They confront Mr. Electric in his lair, but he drops them into the Dream Graveyard, where many of Max's dreams have been dumped. They find Tobor, a robot toy Max never finished building after being discouraged by his father. Tobor carries them to other parts of the planet. The three of them bond during their journey but face hardships, such as Sharkboy's anger that the oceans are frozen over and Lavagirl's desperation to find her true purpose. While being pursued by Mr. Electric and his evil plug-hounds, they plan to reach the Ice Princess and obtain the Crystal Heart, with which they could freeze time, granting them enough time to reach the center of Planet Drool and for Max to repair the dreamworld by re-dreaming it. Instead, they are captured by Mr. Electric and delivered to the mastermind, who is revealed to be Minus, a villain resembling Linus who has altered Max's journal and hence the dreamworld. After being trapped in a cage, Sharkboy becomes enraged by singing bubbles and destroys the cell in a "shark frenzy". Max retrieves his dream journal while Minus is sleeping. Reading the book, Max informs Sharkboy that his father is still alive, but when Lavagirl wishes to learn what it says about her true identity, she grabs the book, and it burns to ash.

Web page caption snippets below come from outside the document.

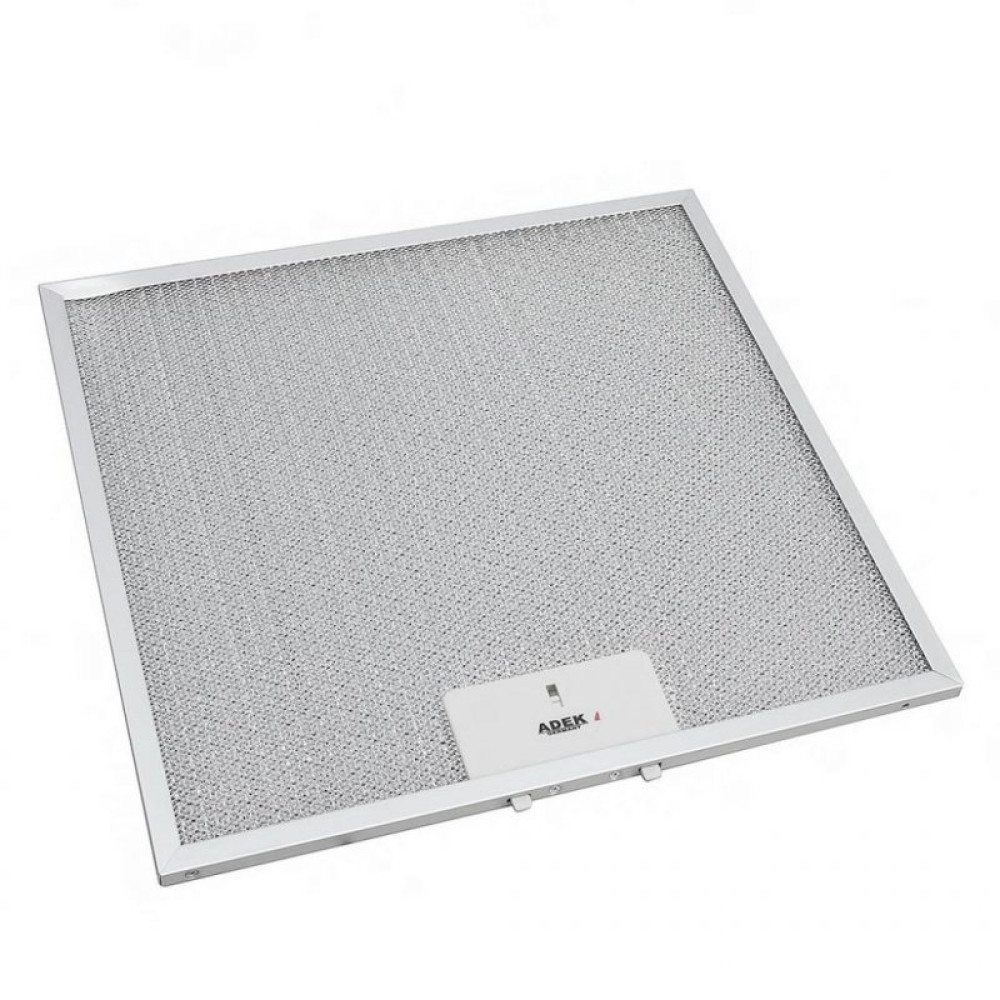 Витяжка кухонна Perfelli KR 5412 W LED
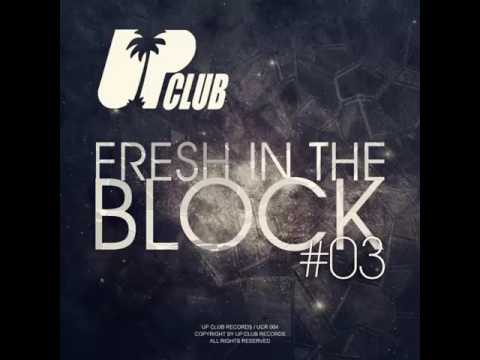 Mira Vokker, Darrow - Everyday (Original Mix) en YouTube Mira Vokker, Darrow - Everyday (Original Mix) en YouTube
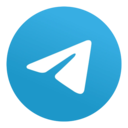 Grupo Telegram TheCimberAndroid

In a desperate rage, Lavagirl asks Max why he made her out of lava and runs off. Max wants to follow, but Sharkboy tells him to let her cool down.

The three eventually reach the Ice Princess, who resembles Marissa. She hands over the Crystal Heart, but they cannot stop the corruption since the Ice Princess is the only one who can use the Crystal Heart's power and cannot leave her home. Afterward, Mr. Electric knocks Sharkboy unconscious by tricking him into jumping into a lake filled with electric eels, which are his weakness. Lavagirl sacrifices herself by jumping into the water to retrieve him. Max realizes he has been selfish in wanting to return to Earth. Tobor appears and convinces Max to dream a better, unselfish dream. Just then, Sharkboy regains consciousness and races Lavagirl to a volcano to revive her. Max realizes that Lavagirl's purpose is as a light against the darkness, engulfing Planet Drool. Max becomes the Daydreamer and gains reality-warping powers to defeat Minus. He then offers that the two join to make a better dreamworld, and Minus agrees. Lavagirl thanks Max and Sharkboy for saving her.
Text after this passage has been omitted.